● TASK ITEM: Print, exactly as they stand, the lines below from the one that has "Hot Pink Handmade Vintage Crochet Vest 1970s" to the one that has "Gucci Soft GG", inclusive, leaving out the pictures.
##### DATA TO PROCESS
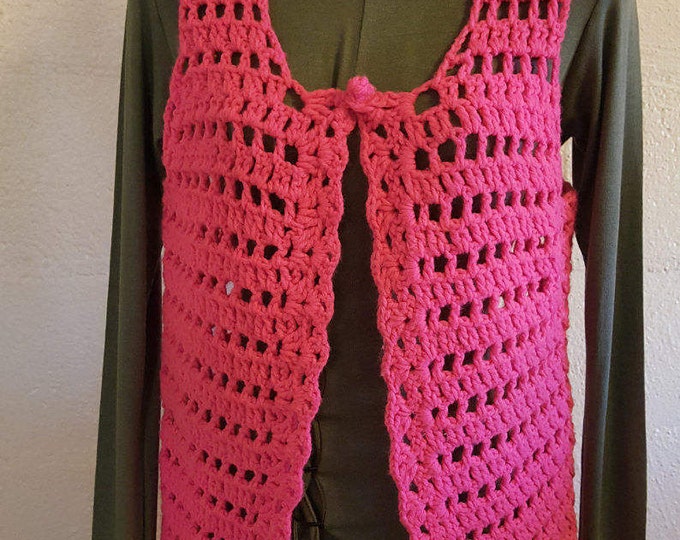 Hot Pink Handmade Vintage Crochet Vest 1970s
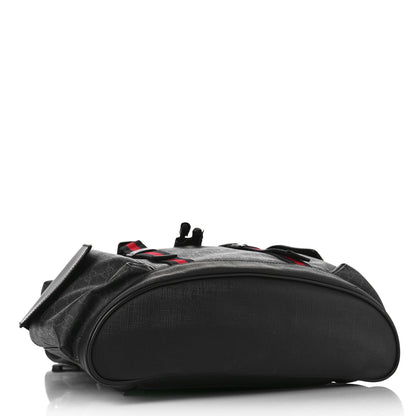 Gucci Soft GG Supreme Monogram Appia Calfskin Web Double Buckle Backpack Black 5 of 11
##########
##### DATA TO PROCESS
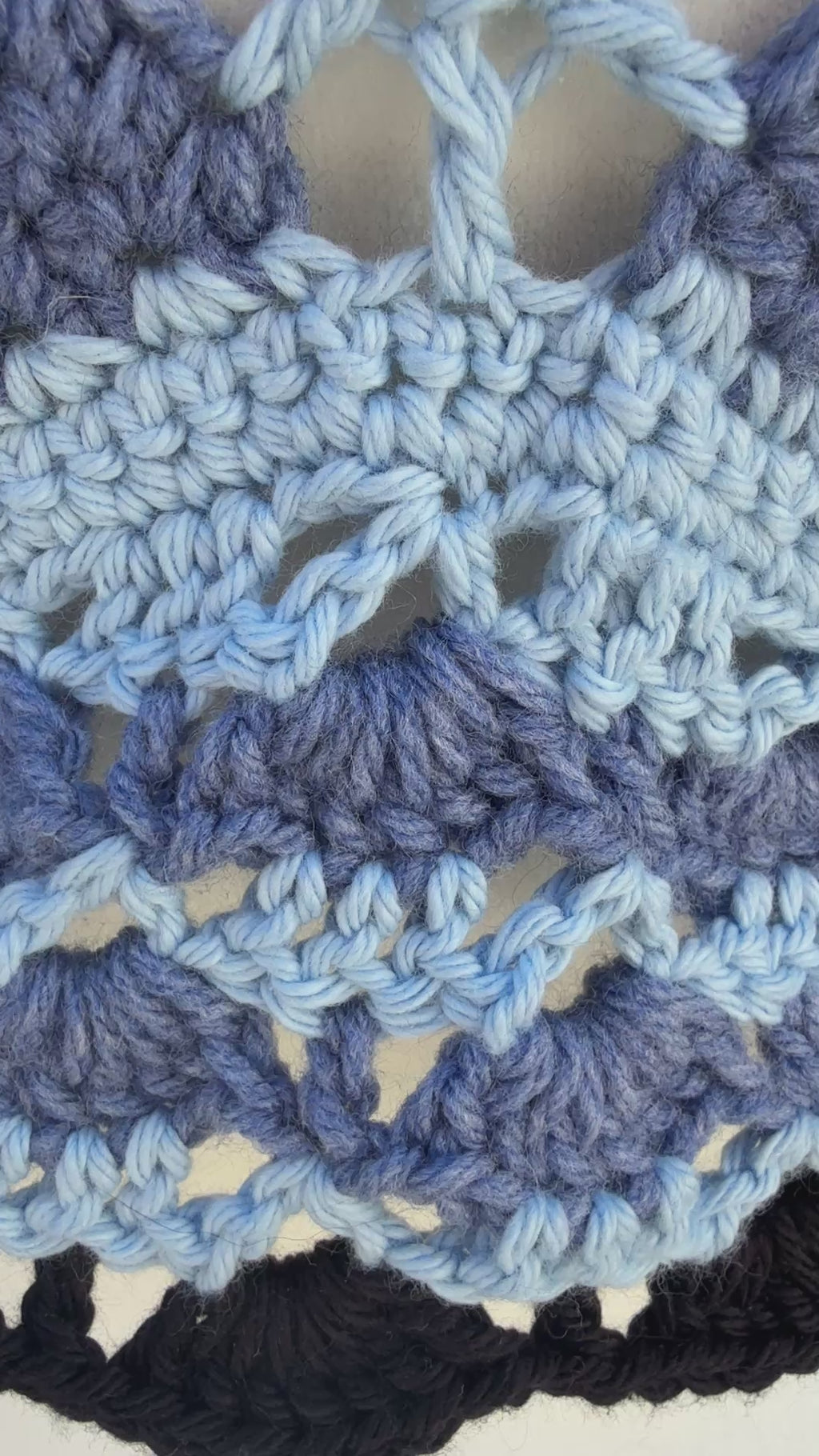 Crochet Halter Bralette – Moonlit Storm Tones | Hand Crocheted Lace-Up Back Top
##########
##### DATA TO PROCESS
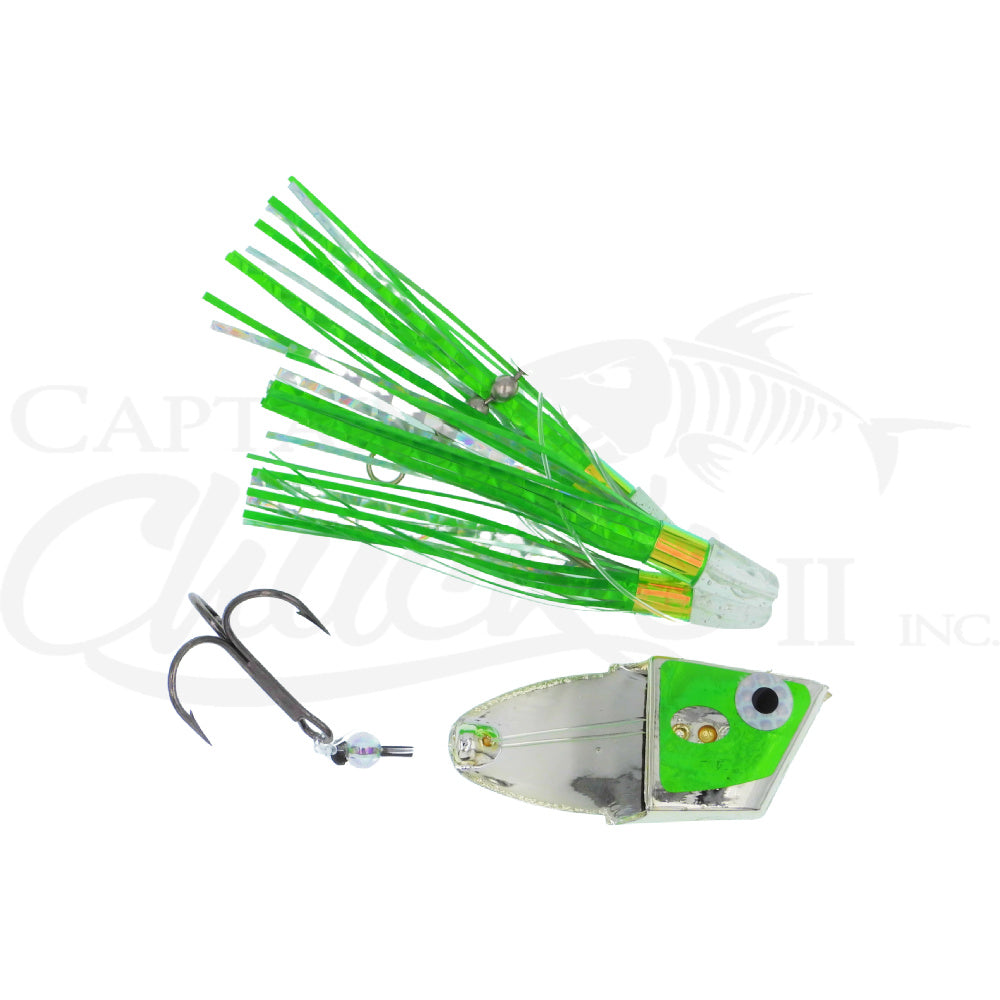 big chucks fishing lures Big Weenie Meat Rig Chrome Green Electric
##########
● ANSWER TO THIS TASK:
 Hot Pink Handmade Vintage Crochet Vest 1970s
 Gucci Soft GG Supreme Monogram Appia Calfskin Web Double Buckle Backpack Black 5 of 11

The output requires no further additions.